Wetenschap
Een optisch beeld van het sterrenstelsel NGC2718. Astronomen die de stervormingsactiviteit in dit en andere spiraalstelsels bestuderen, hebben de nauwe correlatie bevestigd en verfijnd. gezien tussen deze sterrenstelsels en subregio's daarbinnen, tussen het aantal aanwezige sterren en de snelheid waarmee nieuwe sterren worden gemaakt. Krediet:Sloan Digital Sky Survey
Hoe meer sterren een typisch spiraalstelsel bevat, hoe sneller het nieuwe maakt. Astronomen noemen deze relatief nauwe correlatie de 'hoofdreeks van sterrenstelsels'. De hoofdreeks kan eenvoudig te wijten zijn aan het feit dat sterrenstelsels met meer sterren meer van alles hebben, inclusief materiaal voor het maken van nieuwe sterren. Alternatief, de mechanismen die nieuwe sterren maken, kunnen in sommige sterrenstelsels efficiënter zijn, of het kan een combinatie zijn van deze en andere mogelijkheden.
Stervorming in spiraalstelsels genereert grote hoeveelheden ultraviolet licht dat wordt geabsorbeerd door stof en opnieuw wordt uitgestraald op infrarode golflengten, en infrarood-ruimtemissies hebben wetenschappers in staat gesteld om de infraroodemissie van warm stof in sterrenstelsels nauwkeuriger te meten. Aangezien astronomen zeer verre sterrenstelsels in het vroege heelal onderzoeken en gedwongen zijn te vertrouwen op gemeten fluxen in plaats van visuele morfologieën om te interpreteren wat daar gaande is, de hoofdreeksrelatie is een belangrijk hulpmiddel geworden om te achterhalen wanneer en hoe het universum zijn sterren heeft gegenereerd.

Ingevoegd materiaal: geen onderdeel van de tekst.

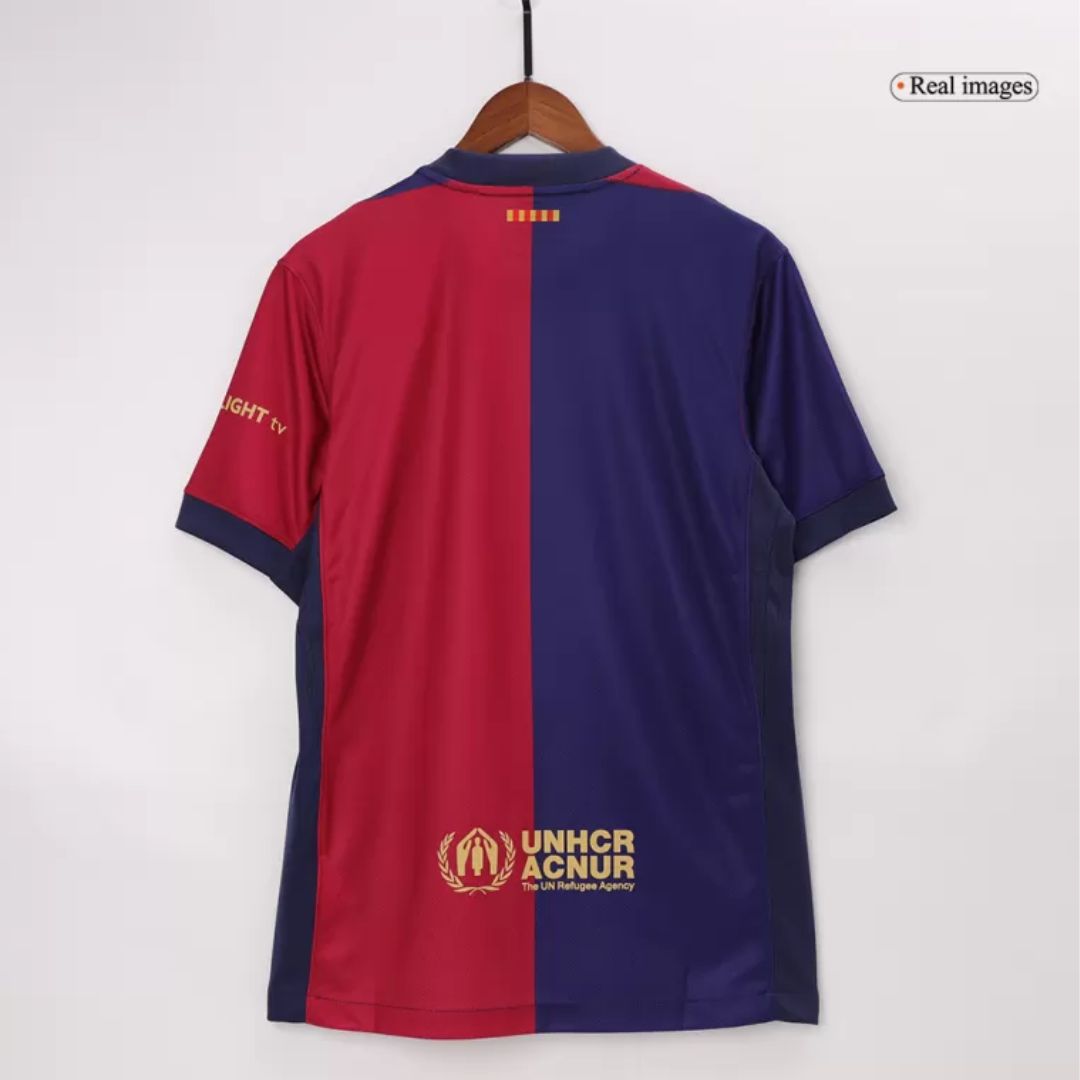 Barcelona 2024/25 Kids Home Jersey Shirt (Add Your Own Name & Number)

CfA-astronomen Alexandros Maragkoudakis, Andreas Zezas, Matthew Ashby, en Steve Willner hebben onlangs de hoofdreeks van sterrenstelsels onderzocht met 246 stervormende sterrenstelsels die een factor tienduizend omspannen in hun stellaire massa's en stervormingssnelheden, systematisch de hoofdreeksrelatie onderzoeken. Ze verkenden ook afzonderlijk afzonderlijke gebieden binnen deze sterrenstelsels, inclusief heldere knopen en circumnucleaire gebieden, om te bepalen of ze ook een hoofdreeks-achtige relatie volgden en zo ja, of de correlaties identiek of iets anders waren. eerdere auteurs, bijvoorbeeld, had enkele duidelijke variaties gevonden in de correlatie tussen sterrenstelsels wanneer ze waren gegroepeerd op subtype, kosmologische leeftijd, of andere eigenschappen.
De CfA-astronomen ontdekken dat zelfs over een groot aantal stellaire massa's, tenminste voor lokale sterrenstelsels is de correlatie tussen de stellaire massa van een sterrenstelsel en de stervormingssnelheid nauw. Ze ontdekken ook dat er een vergelijkbare nauwe correlatie bestaat binnen kleine subregio's van sterrenstelsels, in het bijzonder de gebieden rond de superzware zwarte gatkernen.